Des champignons dans la culture occidentale
Influence d’un héritage ancestral ? Apparition d’une nouvelle iconographie beatnik ? Présence d’archétypes fondamentaux et impermanents liés aux champignons dans la psyché humaine ? Le constat est qu’une iconographie des champignons est aussi présente dans notre culture contemporaine. Elle semble même bénéficier d’un certain capital sympathie parmi les jeunes générations. Livres et dessins animés d’enfants sont remplis de champignons colorés - souvent des Amanites-tue-mouche, l’un des champignons hallucinogènes principaux.Du Petit chaperon rouge, qui se disait en allemand et en anglais Le petit chapeau rouge, aux lutins et gnomes généralement représentés assis sur des champignons. De Tintin qui est confronté à d’énormes champignons rouges et blancs dans L’Etoile mystérieuse, aux Schtroumpfs, petits personnages vivant dans des champignons que Gargamel cherche à mettre dans une potion magique.

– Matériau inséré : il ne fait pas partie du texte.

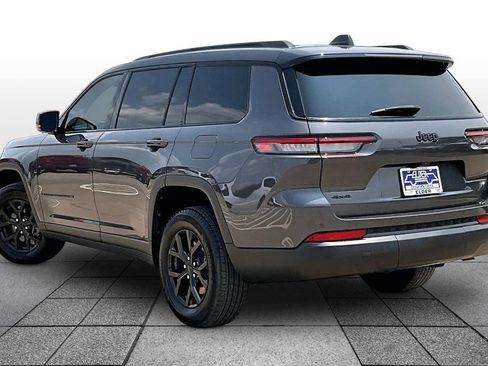 Used 2024 Jeep Grand Cherokee L Altitude AWD/4WD image 12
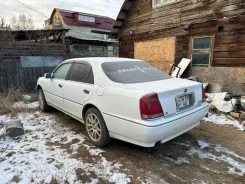 Toyota Crown Majesta ����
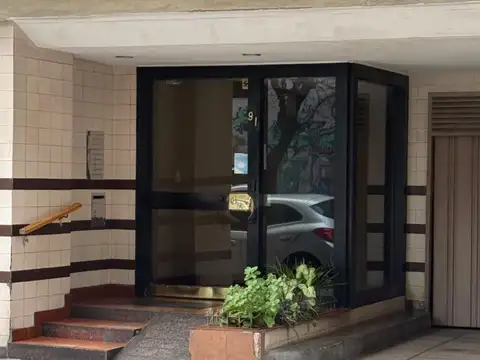 San Lorenzo 100, Piso 1°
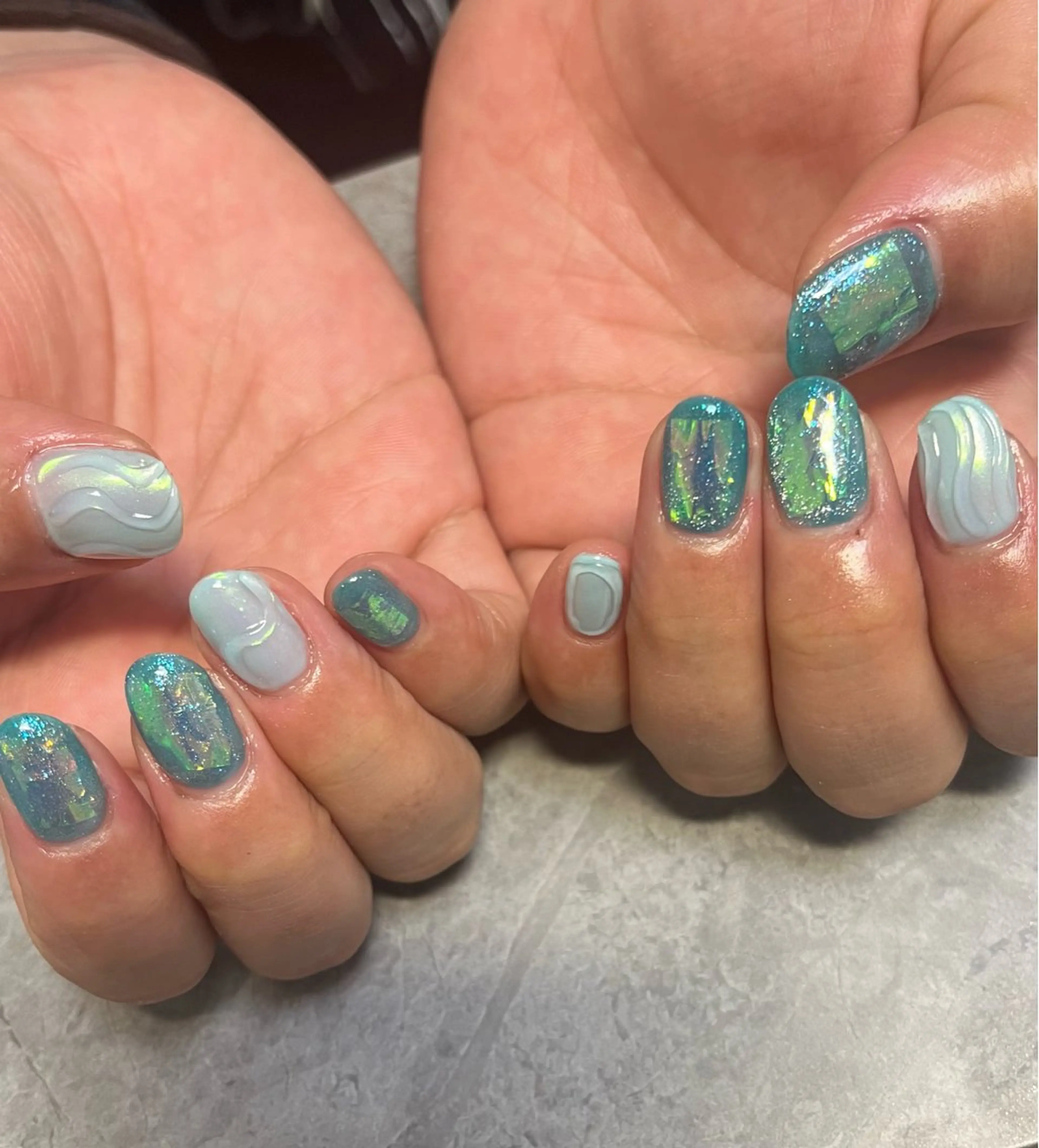 ネイル オーロラネイル クリアネイル グリーン 夏ネイル ハンドネイル ハンドケア Felice所属・ベテランネイル cnc  nailのネイルデザイン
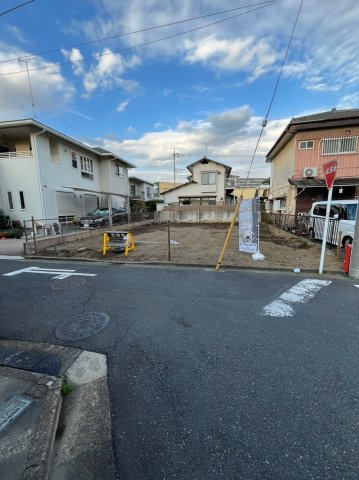 柳瀬川（柏町2丁目）の前面道路含む現地写真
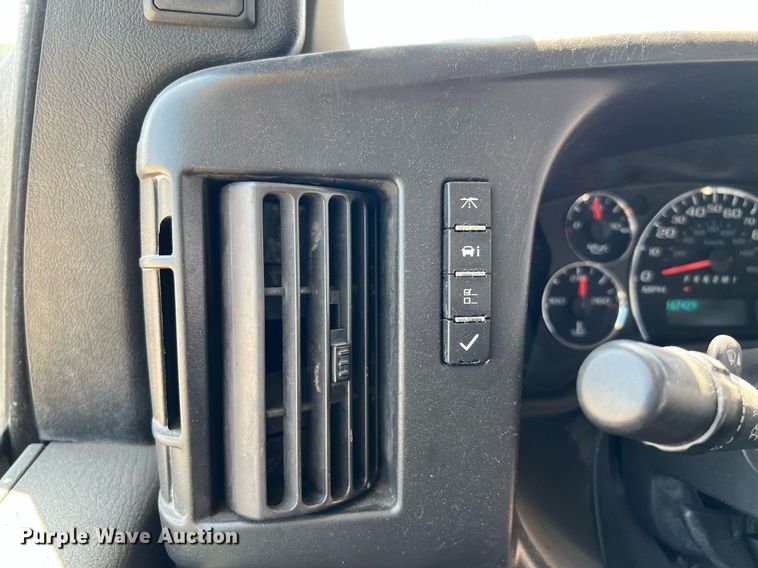 image for item LF9351 2017 Chevrolet Express G4500  shuttle bus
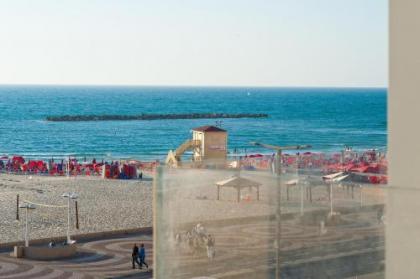 Stunning Apt w/ Balcony & Sea View by Sea N' Rent - image 7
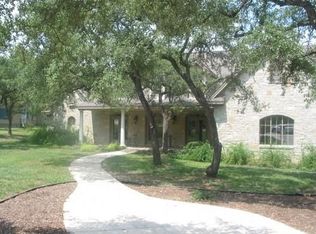 184 Lone Wolf Ct, Dripping Springs, TX 78620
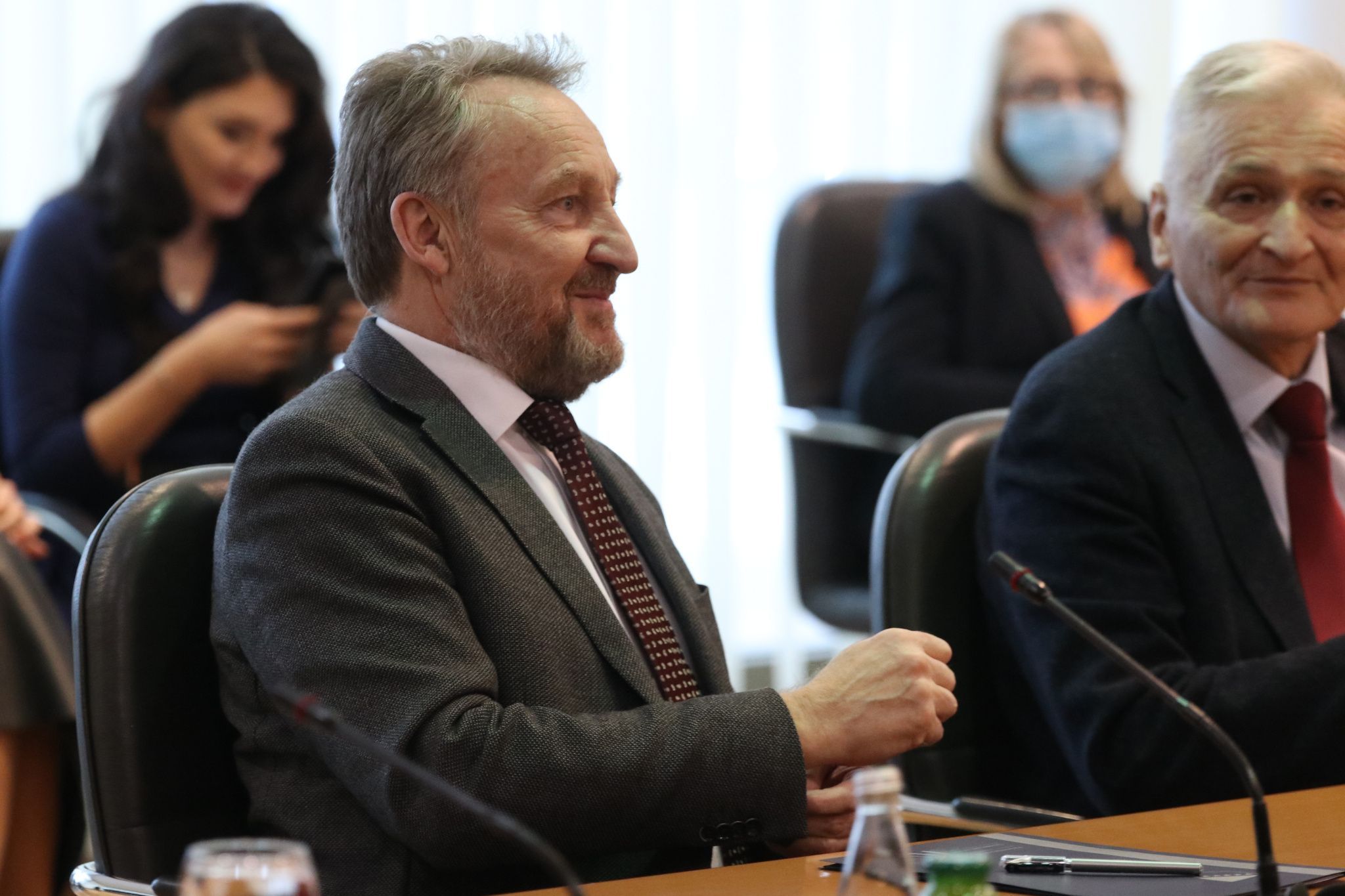 Izetbegović Čubriloviću: Odustajanje od blokada preduvjet za poboljšanje situacije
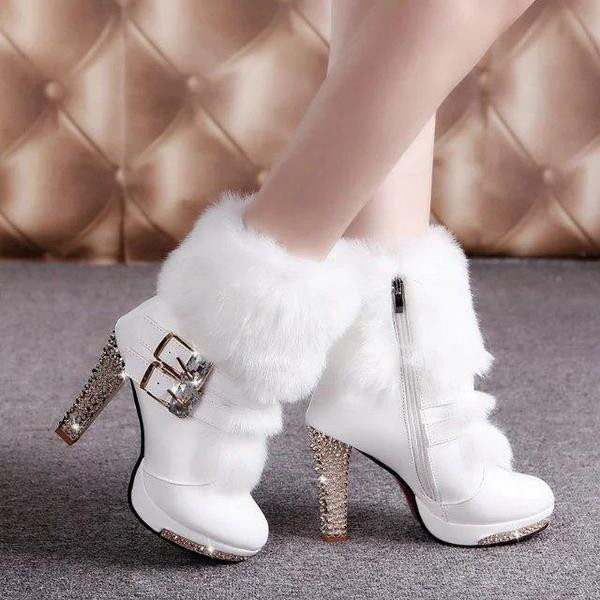Модерни дамски боти с пух и дебел ток в бял и черен цвят 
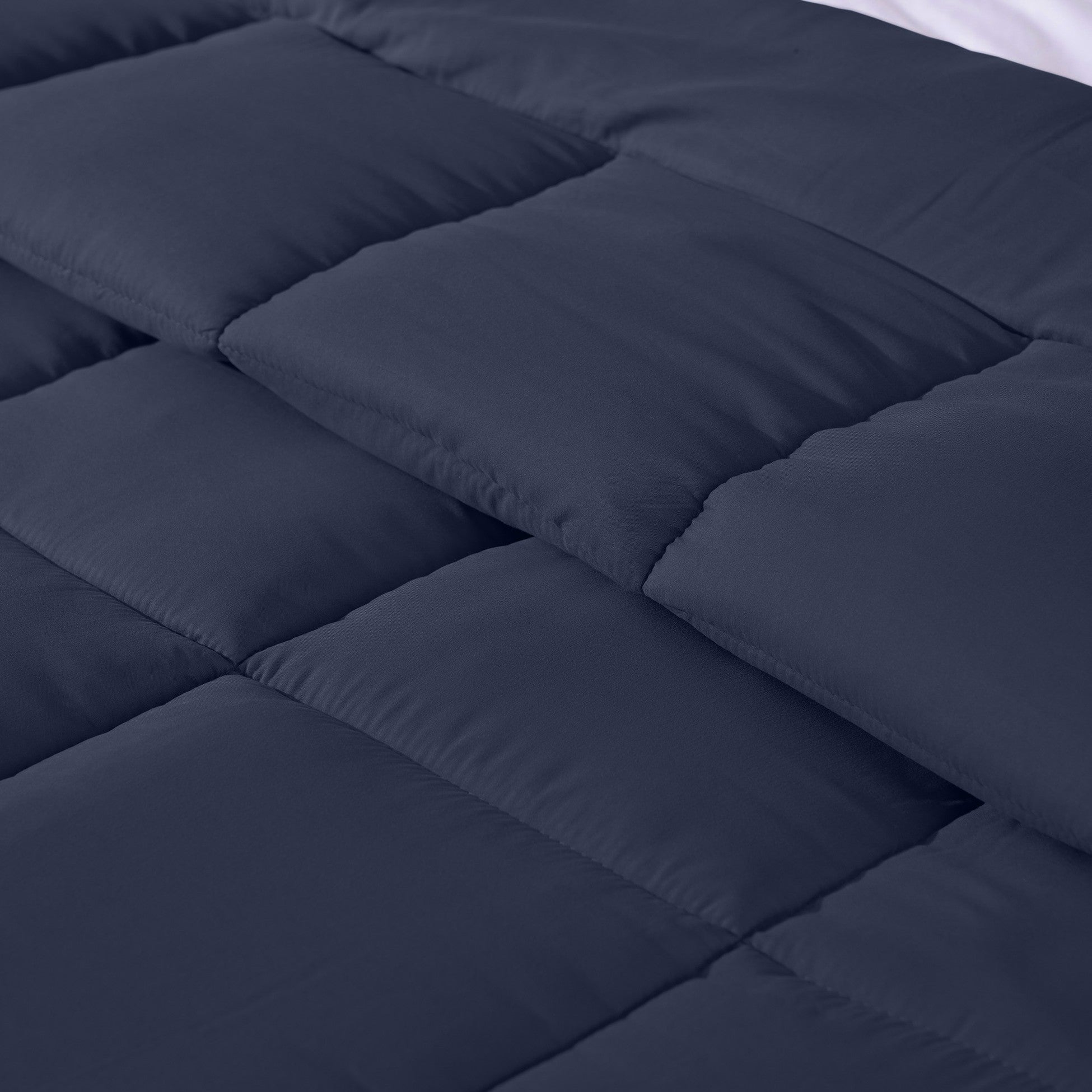 Het duurzame en stijlvolle dekbed van Vivid Dreams biedt zowel comfort als elegantie.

De Rantanplan qui mange des champignons rouges tachetés de blanc dans La ballade des Daltons et hallucine des saucisses, à Astérix et Obélix qui boivent une potion magique dont les ingrédients sont secrets... la liste est longue. « Adous Huxley, un auteur visionnaire qui s’est beaucoup intéressé aux psychédéliques, a participé au scénario de Fantasia de Walt Disney, dans lequel à un moment des champignons type Amanite-tue-mouche dansent en rond. Il faut aussi savoir que Lewis Caroll, qui a écrit Alice au pays des merveilles, était ami avec un anthropologue qui a étudié le chamanisme sibérien de l’Amanite-tue-mouche. Il s’en serait inspiré notamment quand Alice mange du fameux champignon et quand elle boit du liquide qui s’appelle « boit-moi ». Aussi lorsqu’elle rétrécit et qu’elle passe sous une porte, et qu’elle grandit de nouveau jusqu’à devenir géante, car certains effets de l’Amanite-tue-mouche provoquent des sensations de déformation corporelle - il peut paraître plus grand ou plus petit », raconte William Belvie.
« Nous retrouvons l’Amanite-tue-mouche dans de nombreuses mythologies européennes jusqu’aux jardins d’enfants où ils sont fréquemment représentés », conclut Jeremy Narby. Il semblerait que notre culture contemporaine n’ait pas fini de jouer avec la représentation de ces petits champignons colorés, qui continuent de garder un certain mystère.